Favorite UCCS memory: “As I reflect upon the past 50 years since graduation, I remain very appreciative of the excellent education I received during my student years at Beth-El. I was very well prepared to begin a career as a Navy Nurse. In addition to wonderful classmates, I will always remember Ruth Gaston, RN, an instructor passionately devoted to the success of her students. Gloria Haughton, RN, MSN, director provided dynamic and inspiring leadership for the school. Physicians and nursing staff in Memorial Hospital were also instrumental in our individual achievements. Two additional memories remain for me personally; the great food in the hospital cafeteria AND skiing in Colorado.”
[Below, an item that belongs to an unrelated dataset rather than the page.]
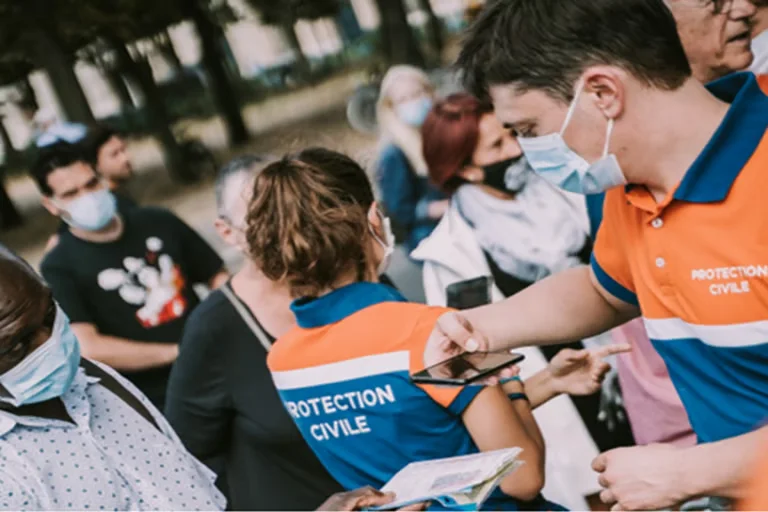 Volunteers in orange and blue vests guiding community members during an outreach session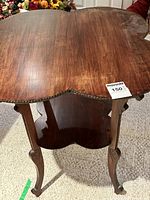 Front angle view of the ornate wood cloverleaf accent table showing the tabletop and legs.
After graduation, Mike continued to work for Hewlett Packard until January 1999, including transfers to Pennsylvania, Baden-Württemberg Germany and Delaware. Since returning from three years in Germany, he and his family have lived for 27 years in Wilmington, Delaware. Both of their sons were born while they lived in Colorado Springs, and he now has three grandchildren. “My wife and I enjoy traveling (especially to Germany), playing bridge (where I earned Life Master in 2006), reading and gardening.”

“While I was studying at UCCS, the MBA students averaged 38 years old and it was fun to learn from their work experiences in a variety of industries and the US Air Force. The variety of business courses helped me with management positions at Hewlett Packard – budgeting, human resources, scheduling, planning, etc. In 2013, I received a BA in anthropology at the University of Delaware – what I learned at UCCS helped me start a nonprofit, Prekindergarten Reading Encouragement Project (PREP), that has provided literacy resources to low-income children for the last eight years.”